Nos últimos meses, o país tem assistido a um fenômeno preocupante: o aumento expressivo das ações judiciais contra médicos e hospitais, muitas vezes movidas por uma confusão entre dois conceitos distintos, intercorrência e erro médico.
Segundo dados recentes, o número de processos cresceu mais de 500% em 2024.
O cenário revela um alerta importante: é preciso compreender melhor os limites da atuação médica e a imprevisibilidade que acompanha o exercício da profissão.
Entendendo a diferença entre intercorrência e erro médico
Intercorrência é uma complicação que pode ocorrer mesmo quando o atendimento segue todos os protocolos e cuidados recomendados.
Trata-se de um evento inesperado, mas possível, dentro da natureza de um procedimento médico.
Em outras palavras, é algo que pode acontecer apesar de todo o preparo e da boa prática.
Já o erro médico se caracteriza quando há falha técnica, negligência, imprudência ou imperícia.
É quando o profissional, de alguma forma, se afasta do padrão aceito pela medicina ou deixa de agir com o cuidado necessário.
Essa diferença, que parece simples no campo técnico, torna-se nebulosa fora dele.
E é justamente nessa zona cinzenta que muitas ações judiciais surgem.
Quando a comunicação entre médico e paciente é falha, ou quando o prontuário não registra adequadamente os detalhes do atendimento, abre-se espaço para interpretações equivocadas.
Como costumo dizer, “o que não está no prontuário, não existiu”.
Uma complicação pode ser compreensível, desde que o risco tenha sido previsto, informado e acompanhado de forma responsável.
Já o erro exige prova de que houve falha na conduta.
Entender essa fronteira é essencial para que se evitem injustiças e para que o Judiciário possa agir com base em critérios técnicos, e não apenas na percepção do resultado de um tratamento.
O crescimento das ações e seus impactos
O aumento das demandas judiciais tem várias causas.
O acesso facilitado ao sistema de Justiça, a digitalização dos processos e o maior conhecimento dos pacientes sobre seus direitos contribuíram para essa explosão.
Soma-se a isso a sobrecarga do sistema de saúde, que convive com escassez de recursos, plantões exaustivos e equipes reduzidas.

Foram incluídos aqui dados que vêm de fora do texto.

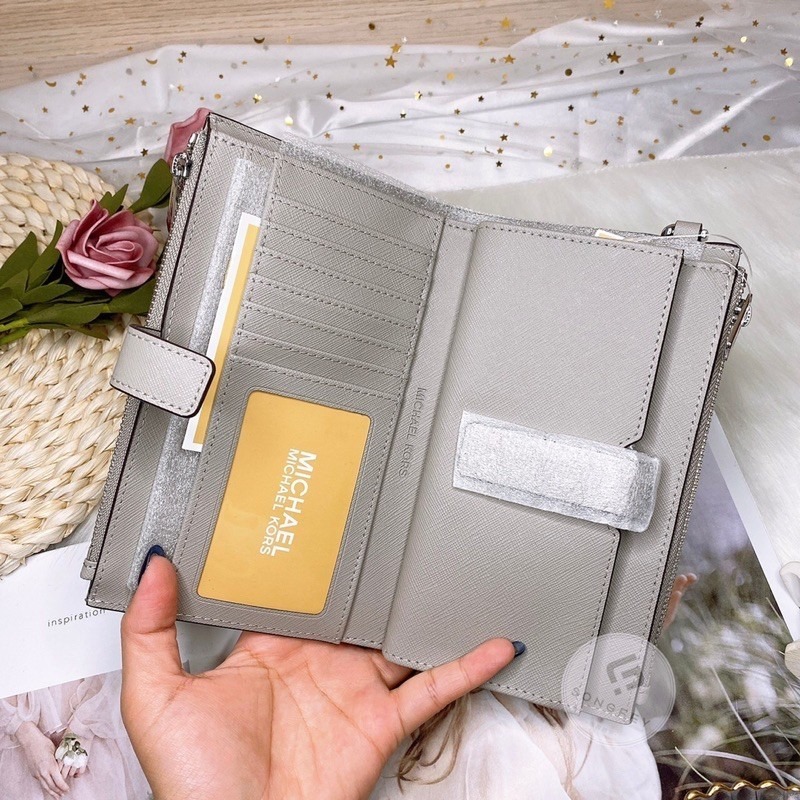 美國代購🇺🇸台灣現貨 Michael Kors｜MK 手掛帶 多功能中長夾-細節圖3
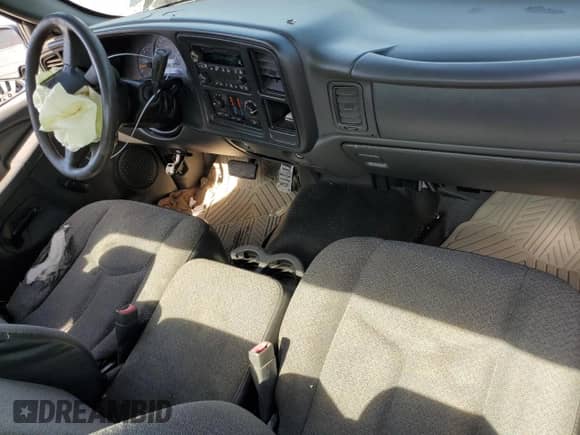 2005 Chevrolet Silverado 1500 Work Truck z VIN 1GCEC14V85Z138574, wystawiony jako Copart lot #59413614 z przebiegiem Nie podano mil oraz Szkoda całkowita • Salvage title. Historia ofert i sprzedaży dostępna na DreamBid. Obrazek 8.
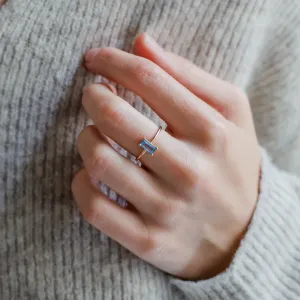 Zlatý prsten s modrým topazem CONSTANCE Thumbnail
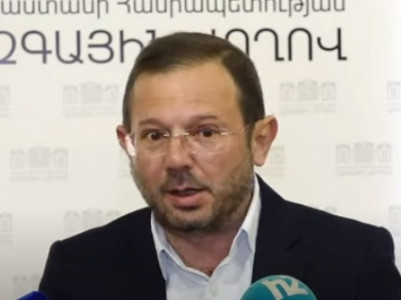 Աղքատների բանակ են դարձնում, մարդկանց ստիպում են՝ տները գրավ դնեն, և էրեխեքին ազատեն. Գեղամ Մանուկյան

Nesse cenário, o risco de falhas ou de insatisfação do paciente cresce naturalmente.
Outro fator relevante é a vulnerabilidade na defesa técnica.
Muitos processos são abertos sem base científica sólida, o que leva à absolvição da maioria dos
profissionais.
Ainda assim, cada ação representa desgaste, medo e insegurança. E, quando isso se repete em larga escala, o reflexo vai além do tribunal: afeta a forma como a medicina é praticada.
A chamada “medicina defensiva”, em que o médico age movido pelo receio de ser processado, e não pela necessidade real do paciente, já é uma realidade.
Isso encarece o sistema, aumenta os pedidos de exames desnecessários e, paradoxalmente, distancia o profissional da essência do cuidado humano.
Hospitais e clínicas também sofrem com o aumento dos custos, do tempo administrativo e da desmotivação de suas equipes.
Caminhos para uma relação mais equilibrada
É fundamental buscar o equilíbrio entre o direito do paciente e a segurança do profissional.
A AHOSP defende que toda ação judicial envolvendo médicos e hospitais seja precedida por uma análise técnica qualificada.
Isso ajudaria a filtrar processos sem fundamento e reduziria a sobrecarga do Judiciário.
Também é necessário fortalecer as câmaras de mediação e conciliação especializadas, que permitem resolver conflitos de forma mais rápida, justa e menos traumática.
Outro ponto essencial é aprimorar o consentimento informado.
O paciente precisa compreender claramente os riscos de cada procedimento e participar das decisões sobre sua saúde de maneira consciente.
A cultura de segurança do paciente deve ser prioridade.
Protocolos bem definidos, registros eletrônicos detalhados e comunicação clara são pilares que protegem tanto o paciente quanto o profissional.
A formação médica, por sua vez, deve incluir não apenas técnica, mas também habilidades de empatia, diálogo e
documentação responsável.
A diferença entre intercorrência e erro médico vai muito além de uma discussão acadêmica.
Ela toca diretamente na justiça, na ética e na confiança entre médico e paciente.
Quando esses conceitos se confundem, quem perde é toda a sociedade.
Proteger o bom exercício da medicina não significa acobertar falhas, mas garantir que cada caso seja avaliado com responsabilidade, técnica e equilíbrio.
Médicos e pacientes devem caminhar lado a lado, com diálogo e transparência, em busca do mesmo objetivo: a preservação da vida e da confiança que sustenta o ato de cuidar.
*Por Anis Mitri – Presidente da Associação de Hospitais e Serviços de Saúde do Estado de São Paulo (AHOSP).